Scott Baker, Nicholas Bloom, and Steven Davis, 2016
The field of natural language processing has exploded in recent years as researchers constantly try to one-up each other by inching closer to perfect performance with increasingly complex neural architectures. In the meantime, Baker, Bloom, and Davis have constructed a highly impactful measure of economic policy uncertainty (EPU) using a basic keyword search.
The index is so simple: Just count up the number of “articles in 10 leading U.S. newspapers that contain the following trio of terms: ‘economic’ or ‘economy’; ‘uncertain’ or ‘uncertainty’; and one or more of ‘Congress,’ ‘deficit,’ ‘Federal Reserve,’ ‘legislation,’ ‘regulation,’ or ‘White House.’” (p.1594). That’s it. That’s the index1.
What’s so impressive about this paper is a) the qualitative effort that went into establishing the face validity of the measure, and b) that despite its simplicity, the authors are able to demonstrate its utility in very rigorous and compelling ways. I’ll talk about each of these.
The authors document and the incredibly labor-intensive coding procedure they used to narrow in on their list of keywords. The process involves multiple rounds of audits by dozens of research assistants and a 65-page guidebook. Through auditing, they labeled a sizeable number of documents and narrowed in on a set of candidate keywords. Then, they constructed indices from every possible combination of keywords in their list and tested which permutation most closely match the hand-labeling of documents. The best-fitting set of keywords matches up with the hand-labeled index like this:
Obviously a strong correlation. They also include appendices that show the effect of dropping any single keyword from the list is minimal. All in all, this is a model of rigorous text-based measure construction. And amazingly it doesn’t involve any fancy NLP techniques at all.

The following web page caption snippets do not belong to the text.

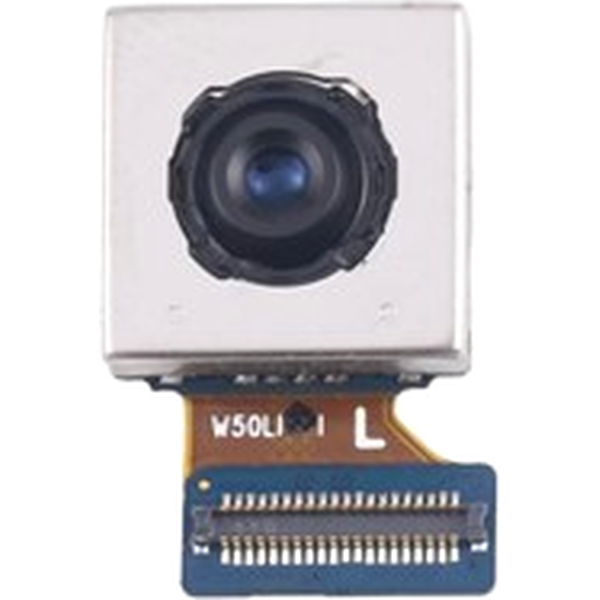 Camera Spate Samsung Galaxy A26 · For Samsung Galaxy A26 5G A266 50MP Wide Rear Camera Lens Module Part (Without Logo)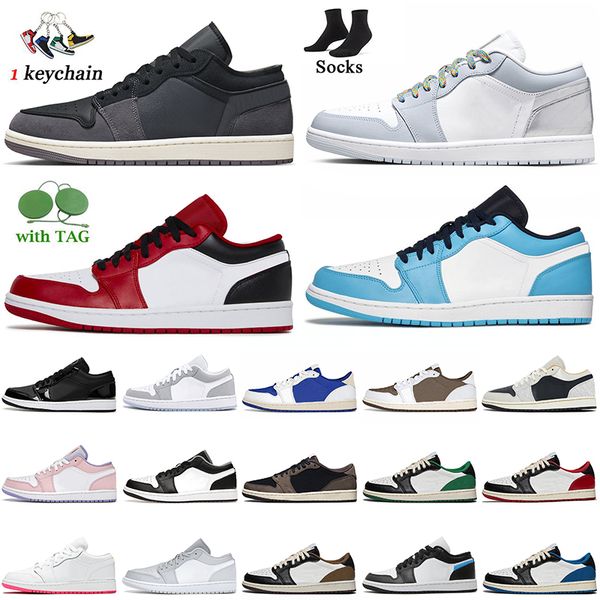 authentic fashion designer jumpman 1 low basketball shoes cactus jack 1s craft inside out black toe tear away silver unc olive wolf grey wom
authentic fashion designer jumpman 1 low basketball shoes cactus jack 1s craft inside out black toe tear away silver unc olive wolf grey wom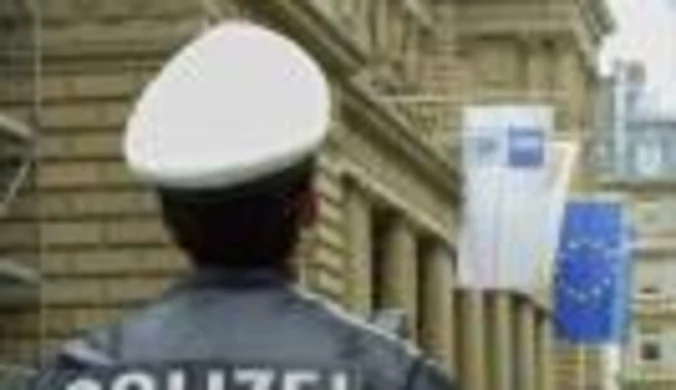 Niemcy: Fałszywy alarm w budynku giełdy
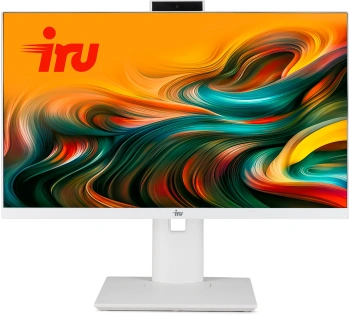https://static.iru.ru/catalog-photos/202/2028236/2028236_v01_m.webp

The authors also do an incredible job of demonstrating that the index has practical applications and fits within existing economic frameworks as expected. They cover the basics of establishing convergent validity by showing that the EPU index correlates with other measures of uncertainty. They do this first using a measure of option price volatility. They also use the frequency of the word “uncertain” in the ‘Beige Book’, which is a 15,000 word document released eight times a year by the Federal Open Market Committee and summarizes the concerns expressed by businesses to the major Federal Reserve Banks across the U.S. They also do a similar analysis of firms’ 10-K filings (which are basically annual reports that include more financial details).
But they don’t stop there! Going even further, the authors note that firms should differ in their exposure to policy uncertainty depending how much of their revenues come from government contracts. This motivates a validation exercise using firm-level data in a shift-share type setup. They use private and public data on Federal contracts to measure industry-level exposure policy uncertainty as the share of industry revenue that comes from government contracts2.
Using these exposure measures, they fit a regression model of firm option volatility on the interaction between exposure and the national EPU index, while including firm and time fixed effects in the model. The coefficient on the interaction implies that “for every 1% increase in our policy uncertainty index a firm with, say, a 50% government revenue share would see its stock volatility rise by 0.11%” (p. 1620).
What’s so powerful about this last result is how closely it ties the EPU measure to such a specific outcome - the implied volatility within firms most affected by government fiscal policy. I think this paper really has it all when it comes to presenting and validating measures based on unique data.
Okay, it’s a little more complicated than that. First, the article frequencies are normalized to account for variation over time and across magazines in the number of articles published. Also, this keyword-based index is the main version, but there are two others. The first measures the current price of assets that pay out based on future government fiscal policy, and the second measures disagreement between professional forecasters of future government purchases. In the paper, however, only the keyword-based index is presented.↩︎
“At the top end, firms operating in the guided missiles and space vehicles and parts industry (SIC 376) derive 78% of their revenues from sales to the federal government. The corresponding figure for selected other industries with high exposures to federal purchases is 39% for ordnance and accessories (SIC 348); 27% for search, detection, navigation, guid- ance & aeronautical systems (SIC 381); 21% for engineering services (SIC 871); 20% for aircrafts and parts (SIC 372); 15% for ship and boat building and repairing (SIC 373); 11% for blank books, loose leaf binders, and bookbinding (SIC 278); and 9% for heavy construction (SIC 160). Direct sales to the federal government are comparatively small in most other industries.” (p.1618)↩︎